Note: you may need to restart the kernel to use updated packages.


In [1]:
# Import libraries and set up logging
import asyncio
import aiohttp
import pandas as pd
import pandasdmx as sdmx
from datetime import datetime
import pytz
import os
import json
import glob
import logging
from concurrent.futures import ThreadPoolExecutor
from tqdm.notebook import tqdm
import pickle

logging.basicConfig(level=logging.INFO, format='%(asctime)s - %(levelname)s - %(message)s')

  warn(


![image.png](attachment:image.png)

In [2]:
# Define the dataset codes and helper functions
DATASET_CODES = ['nama_10_gdp', 'prc_hicp_midx', 'ert_bil_eur_d']  # Add your dataset codes here

In [3]:
def fetch_updates():
    url = "http://ec.europa.eu/eurostat/api/dissemination/catalogue/dcat/ESTAT/UPDATES"
    try:
        response = requests.get(url)
        response.raise_for_status()
        logging.info(f"Fetched updates successfully. Status code: {response.status_code}")
        return response.text
    except requests.RequestException as e:
        logging.error(f"Error fetching updates: {str(e)}")
        return None

In [4]:
def parse_updates(content):
    updates = {}
    try:
        data = json.loads(content)
        for item in data.get('dataset', []):
            identifier = item.get('identifier')
            modified = item.get('modified')
            if identifier and modified:
                updates[identifier] = modified
    except json.JSONDecodeError:
        lines = content.split('\n')
        for line in lines:
            parts = line.split(',')
            if len(parts) >= 2:
                identifier = parts[0].strip()
                modified = parts[1].strip()
                if identifier and modified:
                    updates[identifier] = modified
    logging.info(f"Parsed updates for {len(updates)} datasets")
    return updates

In [5]:
def download_dataset(dataset_code):
    try:
        logging.info(f"Attempting to download dataset: {dataset_code}")
        eurostat = sdmx.Request('ESTAT')
        data_response = eurostat.data(resource_id=dataset_code)
        df = data_response.to_pandas()
        
        filename = f"{dataset_code}_{datetime.now().strftime('%Y%m%d_%H%M%S')}.csv"
        df.to_csv(filename)
        logging.info(f"Downloaded {dataset_code} to {filename}")
        return filename
    except Exception as e:
        logging.error(f"Error downloading {dataset_code}: {str(e)}")
        return None

In [6]:
def get_latest_file(dataset_code):
    files = glob.glob(f"{dataset_code}_*.csv")
    if not files:
        logging.info(f"No existing files found for {dataset_code}")
        return None
    latest = max(files, key=os.path.getctime)
    logging.info(f"Latest file for {dataset_code}: {latest}")
    return latest

In [7]:
def process_dataset(dataset_code, updates):
    logging.info(f"Processing dataset: {dataset_code}")
    last_check_file = f"{dataset_code}_last_check.txt"
    
    if os.path.exists(last_check_file):
        with open(last_check_file, 'r') as f:
            last_check = datetime.fromisoformat(f.read().strip())
        logging.info(f"Last check for {dataset_code}: {last_check}")
    else:
        last_check = datetime.min.replace(tzinfo=pytz.UTC)
        logging.info(f"No last check file for {dataset_code}. Using {last_check}")

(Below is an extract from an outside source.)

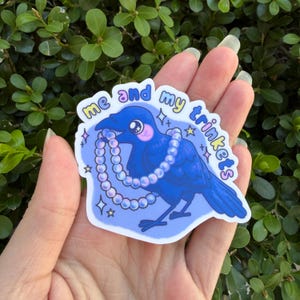May include: A sticker featuring a blue cartoon crow holding a pearl necklace. The text "me and my trinkets" is written around the crow. The sticker has a light blue background with star and sparkle accents.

    latest_file = get_latest_file(dataset_code)
    
    if not latest_file:
        logging.info(f"Dataset {dataset_code} not found. Downloading the latest version.")
        downloaded_file = download_dataset(dataset_code)
        if downloaded_file:
            with open(last_check_file, 'w') as f:
                now = datetime.now(pytz.UTC).isoformat()
                f.write(now)
                logging.info(f"Updated last check for {dataset_code} to {now}")
        return

    modified_date = updates.get(dataset_code)
    if modified_date:
        try:
            modified = datetime.fromisoformat(modified_date)
        except ValueError:
            modified = datetime.strptime(modified_date, "%Y-%m-%d").replace(tzinfo=pytz.UTC)
        logging.info(f"Modified date for {dataset_code}: {modified}")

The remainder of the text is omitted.